__WORK ITEM__
Return, exactly, the line that contains "Style moderne En" together with all lines after it to the end of the entries, and no further lines.

━━ EXCERPTED DATA ━━

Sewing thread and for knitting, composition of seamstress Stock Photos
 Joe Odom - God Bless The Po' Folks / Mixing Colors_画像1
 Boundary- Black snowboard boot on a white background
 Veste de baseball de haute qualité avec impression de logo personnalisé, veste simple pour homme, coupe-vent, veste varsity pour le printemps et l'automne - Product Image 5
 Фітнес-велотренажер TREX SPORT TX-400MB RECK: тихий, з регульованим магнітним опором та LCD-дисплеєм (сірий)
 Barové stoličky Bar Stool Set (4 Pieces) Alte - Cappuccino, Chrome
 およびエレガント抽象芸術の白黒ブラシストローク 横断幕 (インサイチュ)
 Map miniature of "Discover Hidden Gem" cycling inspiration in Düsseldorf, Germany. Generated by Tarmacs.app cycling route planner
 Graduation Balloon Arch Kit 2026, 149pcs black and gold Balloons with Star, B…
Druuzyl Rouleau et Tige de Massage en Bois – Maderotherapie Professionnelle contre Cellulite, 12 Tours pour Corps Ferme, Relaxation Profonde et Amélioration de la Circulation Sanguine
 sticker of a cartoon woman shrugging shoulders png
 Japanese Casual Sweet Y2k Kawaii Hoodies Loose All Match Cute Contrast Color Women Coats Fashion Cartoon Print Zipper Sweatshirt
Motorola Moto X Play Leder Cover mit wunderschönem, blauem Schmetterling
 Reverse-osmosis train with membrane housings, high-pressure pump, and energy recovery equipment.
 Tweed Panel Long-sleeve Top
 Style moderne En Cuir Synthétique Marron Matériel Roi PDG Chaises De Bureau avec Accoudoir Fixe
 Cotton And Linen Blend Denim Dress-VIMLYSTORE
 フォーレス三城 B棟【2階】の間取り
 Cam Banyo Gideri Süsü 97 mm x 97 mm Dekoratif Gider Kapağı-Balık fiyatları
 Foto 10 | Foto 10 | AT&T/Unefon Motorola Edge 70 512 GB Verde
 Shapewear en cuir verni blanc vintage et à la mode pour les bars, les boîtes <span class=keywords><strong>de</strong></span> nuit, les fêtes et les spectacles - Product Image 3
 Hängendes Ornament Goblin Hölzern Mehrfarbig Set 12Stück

━━━

__ANSWER FOR THE TASK__
 Style moderne En Cuir Synthétique Marron Matériel Roi PDG Chaises De Bureau avec Accoudoir Fixe
 Cotton And Linen Blend Denim Dress-VIMLYSTORE
 フォーレス三城 B棟【2階】の間取り
 Cam Banyo Gideri Süsü 97 mm x 97 mm Dekoratif Gider Kapağı-Balık fiyatları
 Foto 10 | Foto 10 | AT&T/Unefon Motorola Edge 70 512 GB Verde
 Shapewear en cuir verni blanc vintage et à la mode pour les bars, les boîtes <span class=keywords><strong>de</strong></span> nuit, les fêtes et les spectacles - Product Image 3
 Hängendes Ornament Goblin Hölzern Mehrfarbig Set 12Stück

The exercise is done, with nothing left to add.